I should stress that this discussion fully escapes the advertising boogeyman, which is another very valid avenue for privacy infringement. And I'm not saying that other systems like your tab-syncing browsing history don't complicate the discussion of what Google knows and doesn't know. But Safe Browsing isn't just streaming to Google's servers a continuous list of the URLs you visit, which is how I would have assumed this feature might work. In fact, according to a recently published blog post describing the APIs and systems used, Chrome maintains a local list on your device to compare against. But this isn't just a list of URLs.

Intuitive as that might seem, it would quickly become storage and resource-intensive — Google's protecting us from more pages than you might think. Instead, your phone or computer maintains a list of so-called "hashes," which are cryptographically generated semi-unique strings of letters and numbers created from each unique URL.

Google has workarounds in place for the logic behind how this system works to ensure that a subtle change in the URL won't easily circumvent the security, so random changes to the subdomain or sub-pages won't allow malicious actors to make subtle tweaks that evade detection. The lists are also updated about every thirty minutes. Furthermore, even full hashes would make a list too big past a point, so Google actually only stores the first four truncated bits of the hashes.

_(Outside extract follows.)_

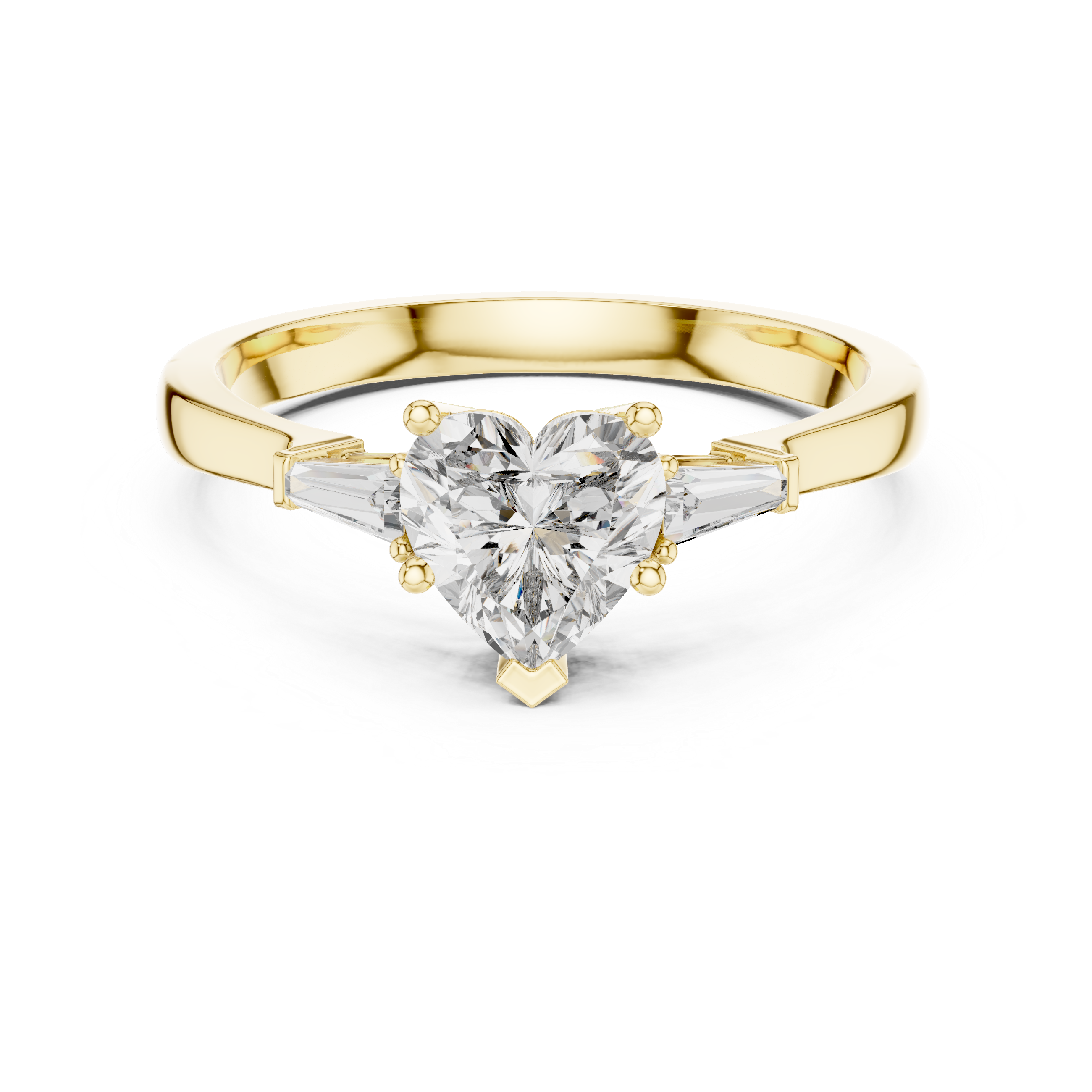 Heart Cut Diamond Three Stone Ring with Baguette Side Accents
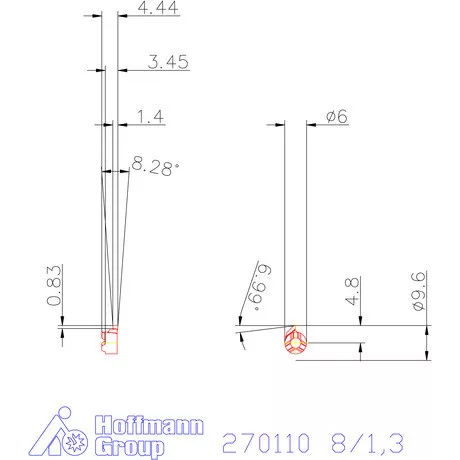 Mini váltólapka belső beszúráshoz, DIN 472 jobbos 8/1,3 mm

That's still enough unique data that most safe URLs won't be accidentally caught, but some still will: Non-computer-scientists should note that four bits are enough to store up to 4.29 billion unique identifiers, but you can still run into "collisions" where two unique pages may actually generate the same hash for that bit length. That's problematic, as it can mean two different pages generate the same hash in this system, which means Chrome might recognize a good page as a potentially known bad one.

Safe Browsing Hash Comparison -anim
Image source: Google.

A more visual representation of how Safe Browsing's hash-comparison system works.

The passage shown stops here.